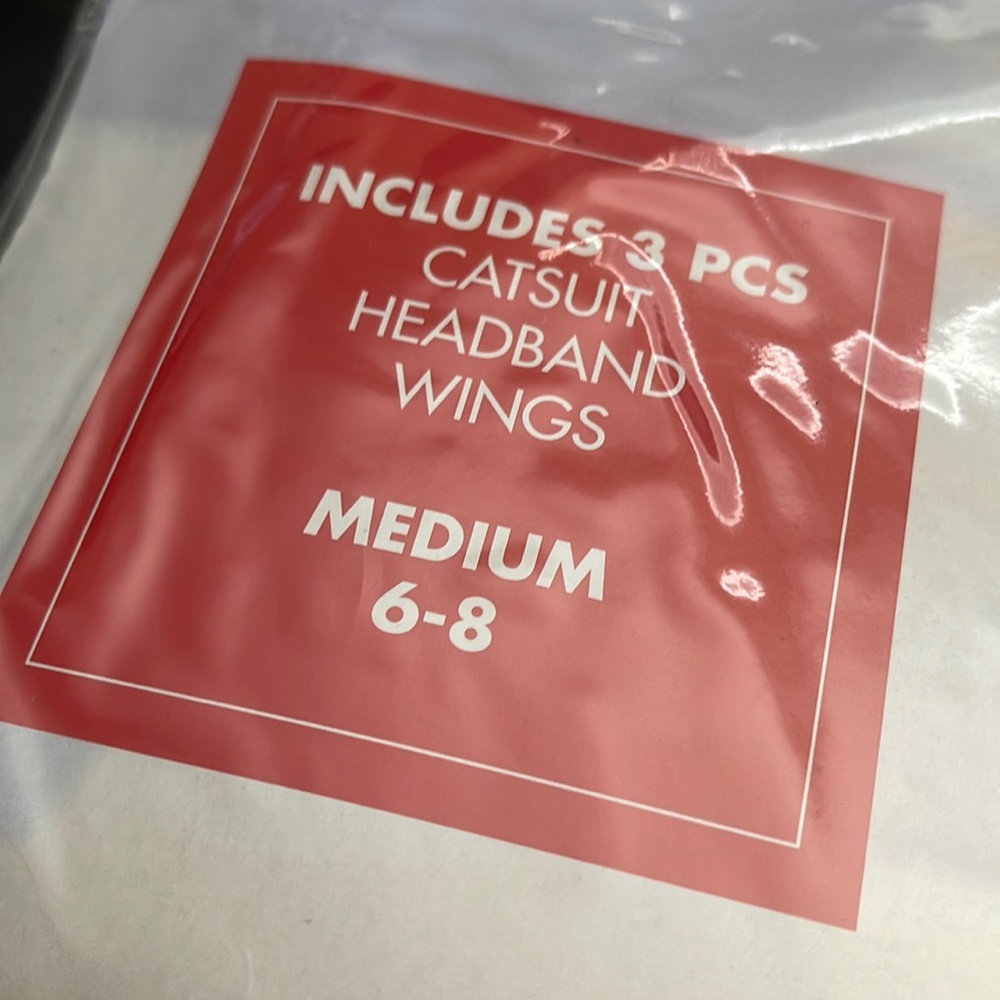 Brand NeW:Overwatch- Mercy, Size adult  Med 6-8 - Picture 4 of 5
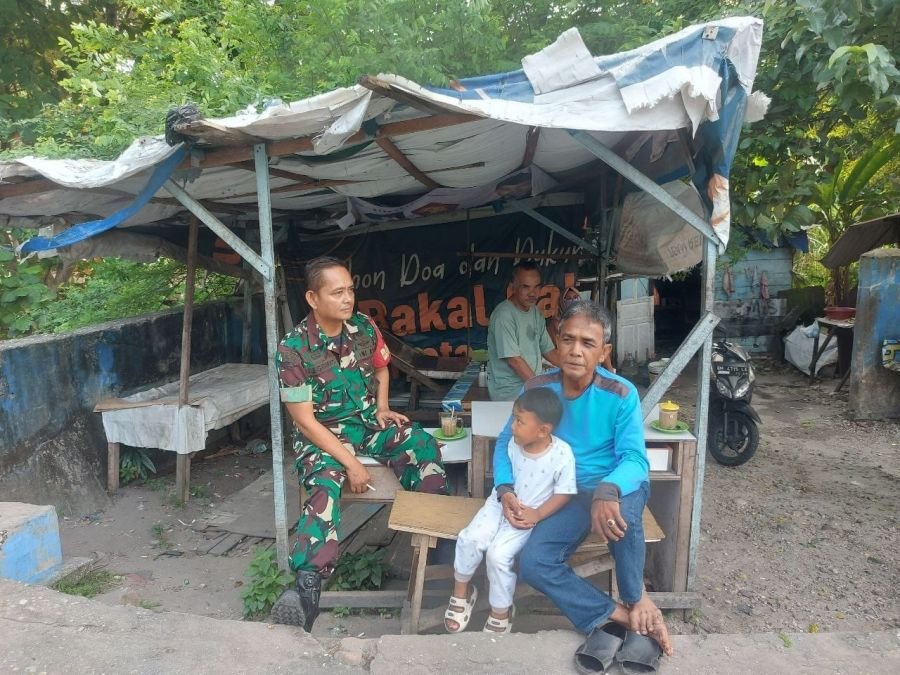 Pererat Silaturahmi, Babinsa Kampung Dalam Sertu Ardiman Aktif Komsos Bersama Warga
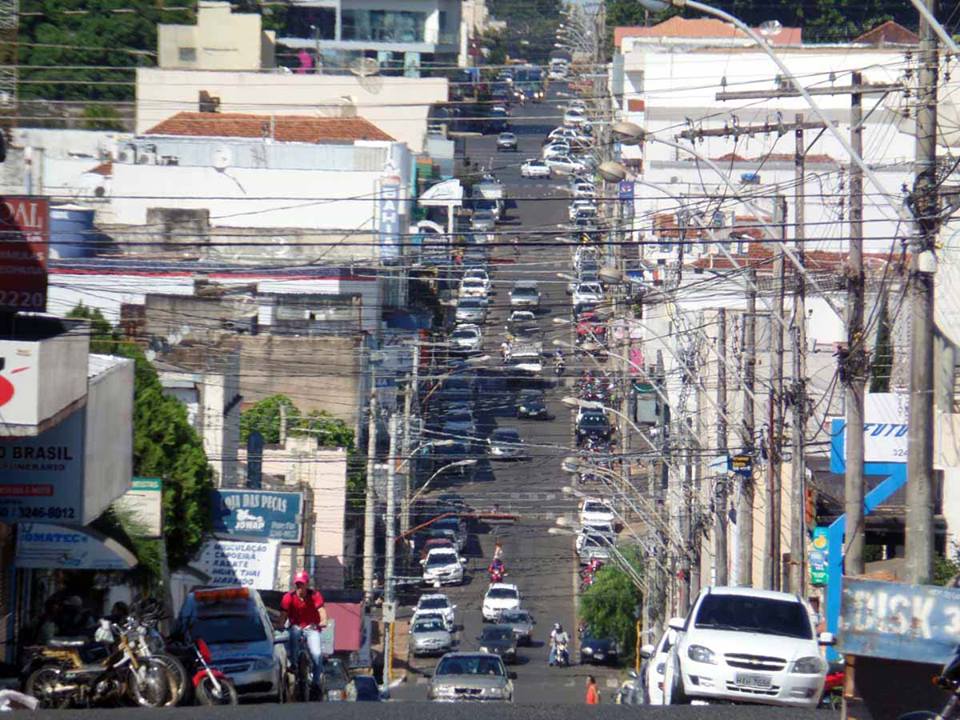 Documento trata de uma locomoção mais organizada para pedestres, ciclistas e veículos automotores
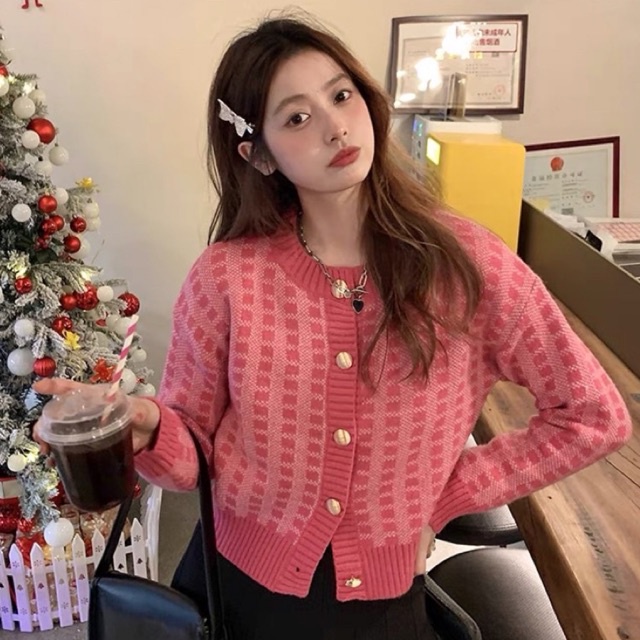 Áo khoác cardigan dệt kim mẫu ngắn dịu dàng, áo len mềm mại caro màu hồng phong cách Hàn Quốc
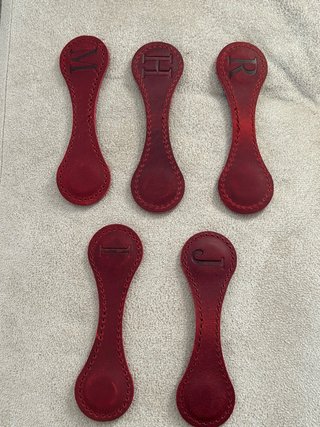 Marcadores magnéticos de piel con iniciales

+---+

THE PROBLEM. Leave out the pictures and restate, word for word, the lines from the top of the data through the line containing "Documento trata de", both included.

SOLUTION BELOW.
 Brand NeW:Overwatch- Mercy, Size adult  Med 6-8 - Picture 4 of 5
 Pererat Silaturahmi, Babinsa Kampung Dalam Sertu Ardiman Aktif Komsos Bersama Warga
 Documento trata de uma locomoção mais organizada para pedestres, ciclistas e veículos automotores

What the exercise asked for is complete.